| Collected data |
_____

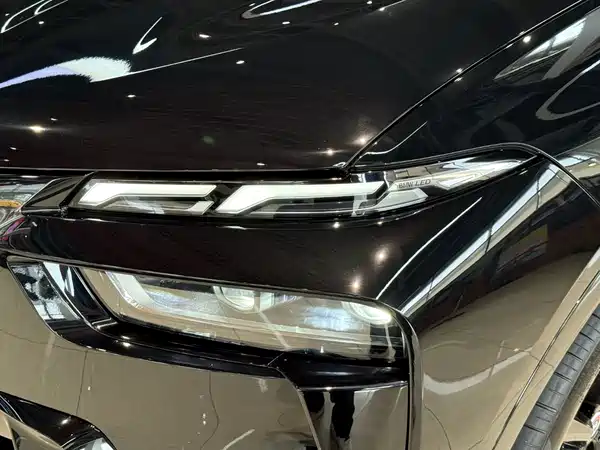 BMW X7 M60i 2023
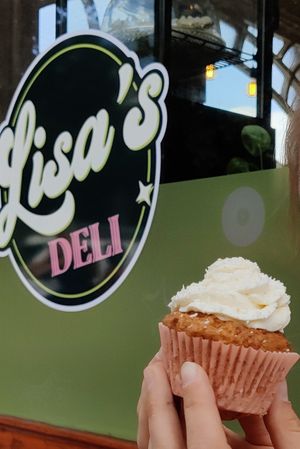 Cupcake at Lisa's Deli in Zwolle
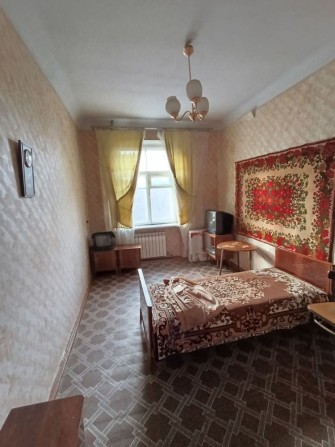 Крупногабаритная 2х комнатная квартира, пр. Аношкина - фото 1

_____

| Problem requirements |
Leaving the pictures aside, write out only the lines from the one containing "Cupcake at Lisa's Deli in Zwolle" through the end of the material, exactly as they stand.

| Exercise answer |
 Cupcake at Lisa's Deli in Zwolle
 Крупногабаритная 2х комнатная квартира, пр. Аношкина - фото 1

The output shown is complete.